**Task brief:**
What is needed is the exact text of each line in the listing below from the one with "Makasla vektör çizim borularını kestim" up to and including the one with "christmas-gingerbread-digital-papers-set-graphic", and no pictures.

**Records to process:**
──────────────────────────────

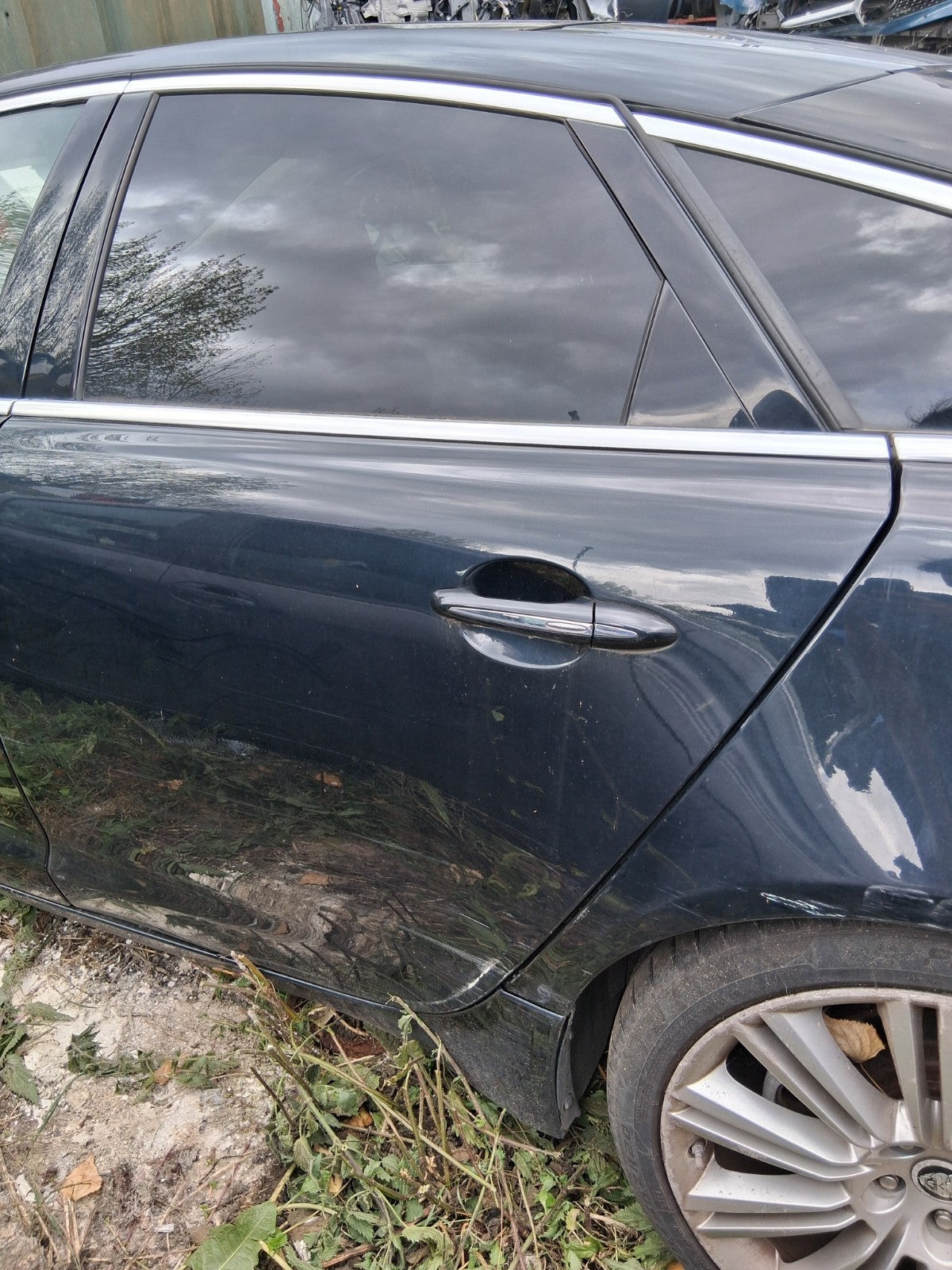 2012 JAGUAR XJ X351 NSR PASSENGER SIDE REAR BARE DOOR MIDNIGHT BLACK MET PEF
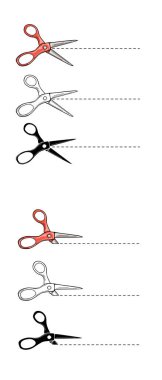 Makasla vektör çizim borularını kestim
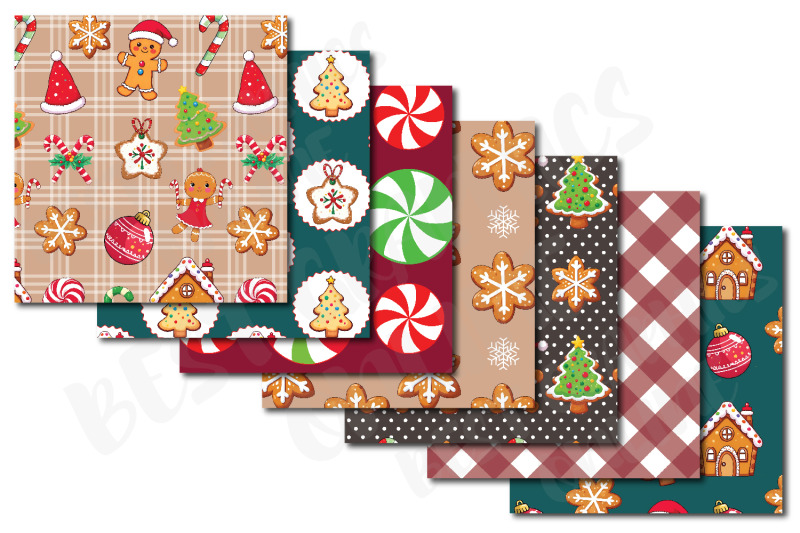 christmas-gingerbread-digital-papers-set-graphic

──────────────────────────────

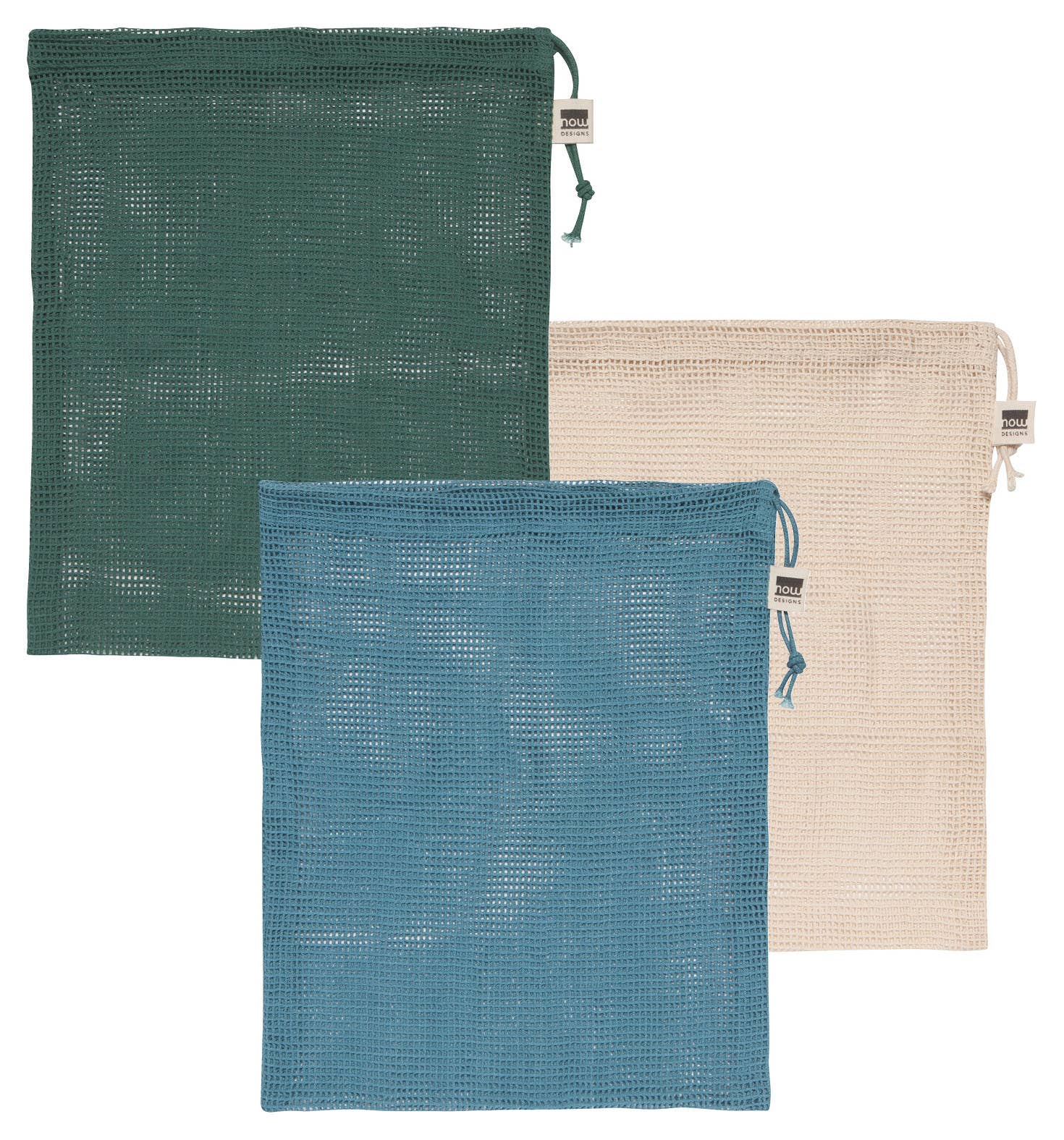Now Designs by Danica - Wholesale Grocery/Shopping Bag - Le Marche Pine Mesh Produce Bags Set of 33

──────────────────────────────

**Solution to this task:**
 Makasla vektör çizim borularını kestim
 christmas-gingerbread-digital-papers-set-graphic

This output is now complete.